Styx Pioneers Studio Use Of Solar Power
by MOIRA McCORMICK
CHICAGO - Styx made recording history here Sept. 10 by becoming the first recording group to use solar power in the studio.
Solar Genny One, the 6,000-pound solar unit built by Solarwest Electric of Santa Barbara, arrived at 48-track Pumpkin Studios in south Suburban Oak Lawn Sept. 9, and was put to use the following day during a recording session for Styx's new LP. That album, their third cut at Pumpkin, has been in the works since July.
James "JY" Young, Styx guitarist and vocalist, has been a spokesman for the Solar Lobby since 1980, and has worked on this project over the past year, in conjunction with Solar Lobby promotional director Ty Braswell, "No Nukes" concerts technical coordinator Tom Campbell, and Solarwest Electric.
"This is a concrete example of solar power at work," says Young. "People can see it, see that it functions."
He adds, "This is a prototype, the first of its kind. It will be made better the next time around; this is the embryo of the next big thing." There have been no significant problems with the unit so far, says Young.
Solar Genny One was originally conceived to pioneer solar-powered concerts. Braswell and Campbell had been discussing that possibility for several years, and when Styx approached the Solar Lobby with offers of assistance, the project was underway. The first solar concert should take place next year, says Young.
The Styx recording session, he notes, was "a true acid test" of the unit's capabilities. "If it can run a recording studio," says the Solar Lobby's Braswell, "the rest is a piece of cake."
Solar Genny One consists of the solar unit housed in a 24-foot-long trailer stationed outside the studio. It utilizes 40 photovoltaic modules mounted in a 160-square-foot panel, which is mounted on the trailer roof. The solar panel tilts to track the sun by means of hydraulic lifts. Power runs from the panel to 300 lead/acid batteries inside the unit, which can store up to 1000 amp hours. The power travels from the batteries through two inverters, which convert the DC current to AC and provide two10-kilowatt lines of power. The unit's total output power is 200 amps.

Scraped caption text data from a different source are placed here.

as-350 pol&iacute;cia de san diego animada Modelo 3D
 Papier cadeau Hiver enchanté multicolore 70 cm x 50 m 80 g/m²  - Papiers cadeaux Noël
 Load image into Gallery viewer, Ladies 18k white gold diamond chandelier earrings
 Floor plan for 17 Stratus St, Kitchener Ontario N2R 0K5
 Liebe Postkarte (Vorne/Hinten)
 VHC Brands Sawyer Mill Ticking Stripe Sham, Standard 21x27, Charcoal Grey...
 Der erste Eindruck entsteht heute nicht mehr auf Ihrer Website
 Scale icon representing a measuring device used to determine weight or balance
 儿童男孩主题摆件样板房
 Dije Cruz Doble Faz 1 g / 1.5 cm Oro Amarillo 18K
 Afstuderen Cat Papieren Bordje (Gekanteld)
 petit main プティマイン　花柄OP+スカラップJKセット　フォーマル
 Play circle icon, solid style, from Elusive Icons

Pumpkin Studios owner Gary Loizzo admits he was a bit skeptical of the prospect of a solar-powered recording session.
"The first thing I wanted to know was would it affect my equipment," says Loizzo. Now that he's seen how it works, Loizzo's support is whole-hearted.
"It's probably safer than Commonwealth Edison," he says, adding, "I'm very interested in getting a solar support system myself, for the studio. Its practicality would be proven over a period of years as long as power rates keep going up."